### RECORDS SHOWN
- - - -
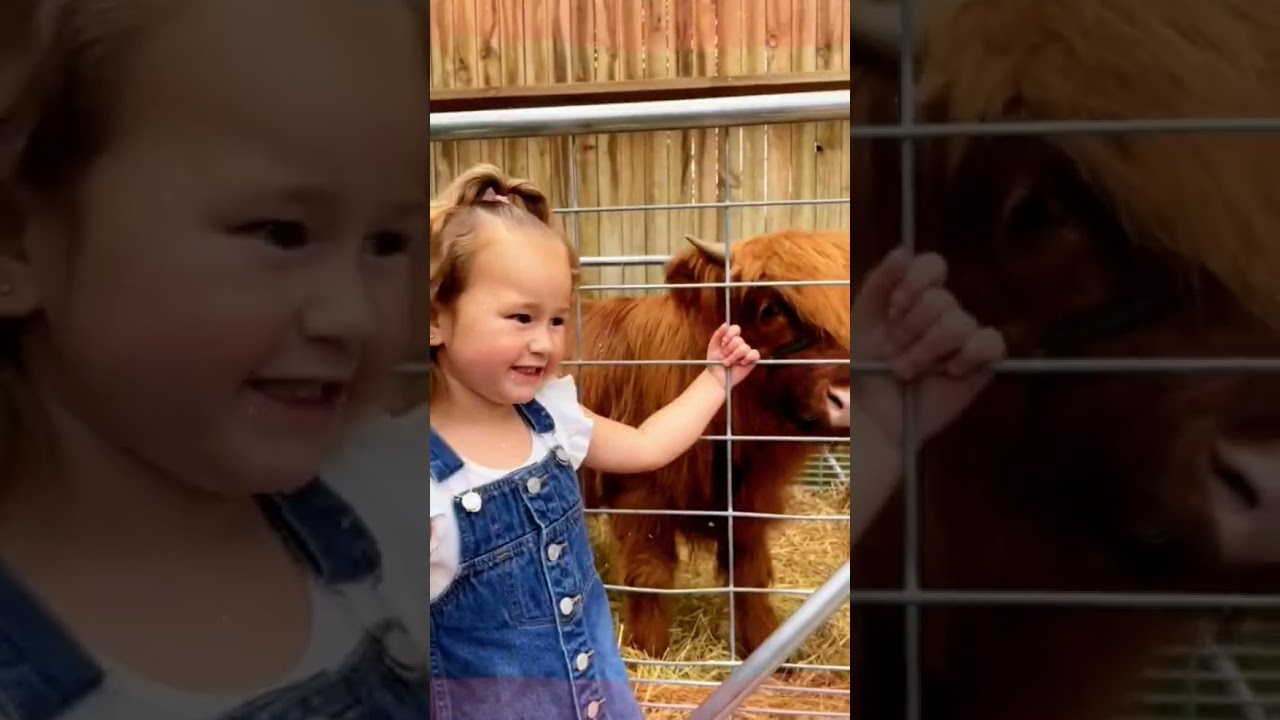 Morsomme &oslash;yeblikk for barn og dyr #morsomt #fordeg #baby #dyr #toddlers #funny #adoreble #viral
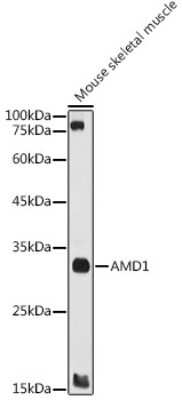 Western Blot: AMD1 AntibodyBSA Free [NBP3-16479]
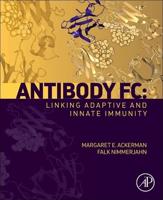 Antibody Fc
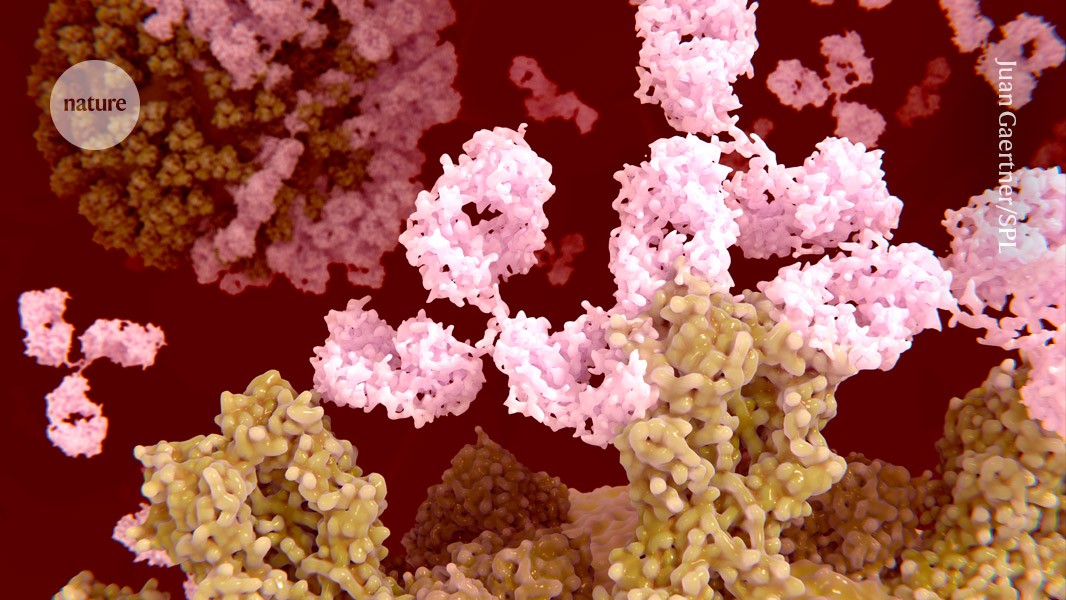 KTyyska's tweet card. Nature - Modified protein-design tool could make it easier to tackle challenging drug targets — but AI antibodies are still a long way from reaching the clinic.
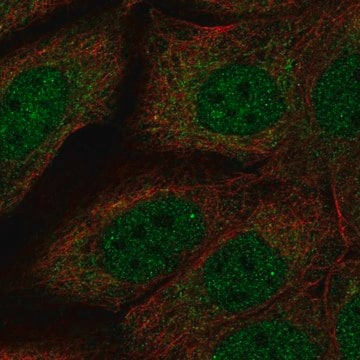 Anti-NDN antibody produced in rabbit, 100 µL (HPA074457-100UL)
- - - -
### PROBLEM REQUIREMENTS
Output the data exactly. Pictures don't belong in the result.

### RESULT
 Morsomme &oslash;yeblikk for barn og dyr #morsomt #fordeg #baby #dyr #toddlers #funny #adoreble #viral
 Western Blot: AMD1 AntibodyBSA Free [NBP3-16479]
 Antibody Fc
 KTyyska's tweet card. Nature - Modified protein-design tool could make it easier to tackle challenging drug targets — but AI antibodies are still a long way from reaching the clinic.
 Anti-NDN antibody produced in rabbit, 100 µL (HPA074457-100UL)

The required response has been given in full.